С пристанищем все быстро устроилось. Мандельштаму тут же отвели «кособокую комнату о семи углах» в Писательском коридоре Дома Искусств, где прежде были какие-то «Меблирован-ные комнаты». Почти все они необычайны по форме — ромбообразные, полукруглые, треугольные, но комната Мандельштама все же оказалась самой фантастической среди них. Мандельштам сейчас же и обосновался в ней — вынул из своего клеенчатого сака рукопись «Тристии», тщательно обтер ее и положил в ящик комода. После чего запихал клеенчатый сак под кровать, вымыл руки и вытер их клетчатым шарфом вместо полотенца. Мандельштам был очень чистоплотен и мытье рук переходило у него в манию.
— А бумаги у тебя в порядке? — осведомился Гумилев.
— Документы? Ну, конечно, в порядке — и Мандельштам не без гордости достал из кармана пиджака свой «документ» — удостоверение личности, выданное Феодосийским Полицейским Управлением при Врангеле на имя сына петроградского фабриканта Осипа Мандельштама, освобожденного по состоянию здоровья от призыва в Белую Армию. Георгий Иванов, ознакомившись с «документом», только свистнул от удивления.
Мандельштам самодовольно кивнул:
— Сам видишь. Надеюсь, довольно…
— Вполне довольно, — перебил Георгий Иванов, — чтобы сегодня же ночевать на Гороховой 2. Разорви скорей пока никто не видел.
Мандельштам растерялся.
— Как же разорвать? Ведь без документов арестуют. Другого у меня нет.

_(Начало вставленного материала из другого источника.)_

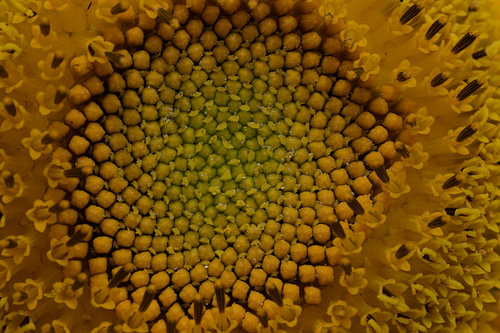 Wie schön ist eine Sonnenblume eigentlich?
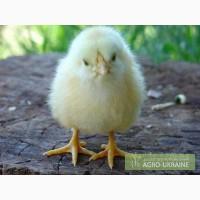 Продаем бройлеров породы Кобб 500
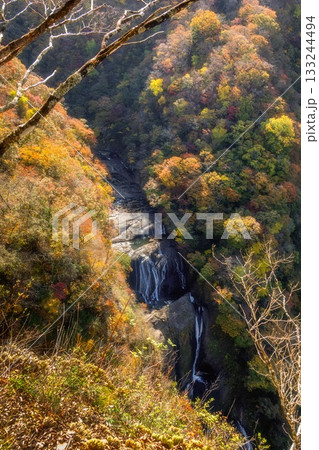 茨城県大子町　袋田の滝周辺の紅葉 133244494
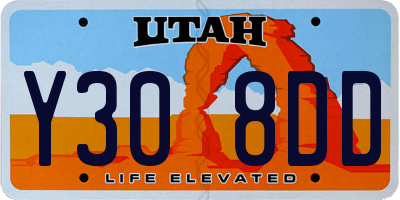 UT license plate Y308DD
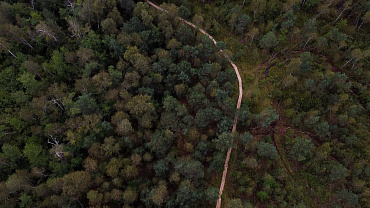 Ольманские болота, музей Полесья и вилла Льва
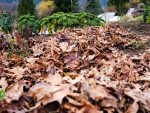 SHeetcompostingH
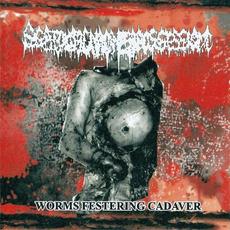 Worms Festering Cadaver mp3 Album by Scatologic Madness Possession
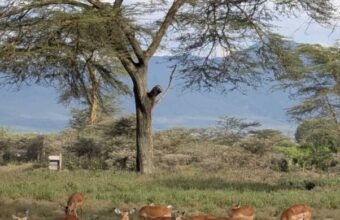 Kenya Classic Safari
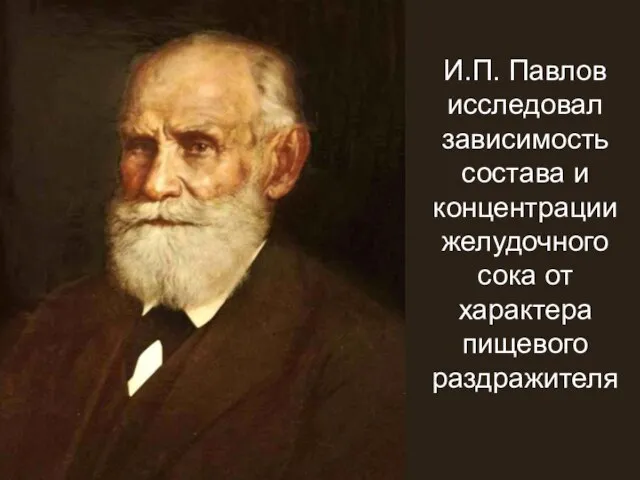 И.П. Павлов исследовал зависимость состава и концентрации желудочного сока от характера пищевого раздражителя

— Иди к Луначарскому, — посоветовал Гумилев, — Луначарский тебе, Осип, мигом нужные бумаги выдаст. А этот документ, хоть и жаль, он курьезный, — уничтожь, пока он тебя не подвел.
И Мандельштам, уже не споря, поверив, что «документ» действительно опасный, порвал его, поджег куски спичкой и развеял пепел по воздуху — чтобы и следов не осталось.
— Сейчас они у Луначарского. И, конечно, беспокоиться нечего. Все, как всегда, устроится к лучшему. Ведь о поэтах, как о пьяницах, Бог всегда особенно заботится и устраивает их дела.
Суеверный Кузмин трижды испуганно сплевывает, глядя сквозь вздрагивающее на его носике пенсне, на Гумилева, своими «верблюжьими» глазами. У Кузмина глаза как у верблюда — или прекрасной одалиски: темные, томные, огромные. «Бездонные» глаза, полные женской и животной прелести.
— Тьфу, тьфу, тьфу, Коленька. Не сглазь меня. Сплюнь.
«Меня» — Кузмин всегда думает только о себе. Он большой охотник до всяких сплетен, слухов и сенсаций и готов говорить о них часами. Приезд Мандельштама приятен ему именно с этой анекдотической стороны.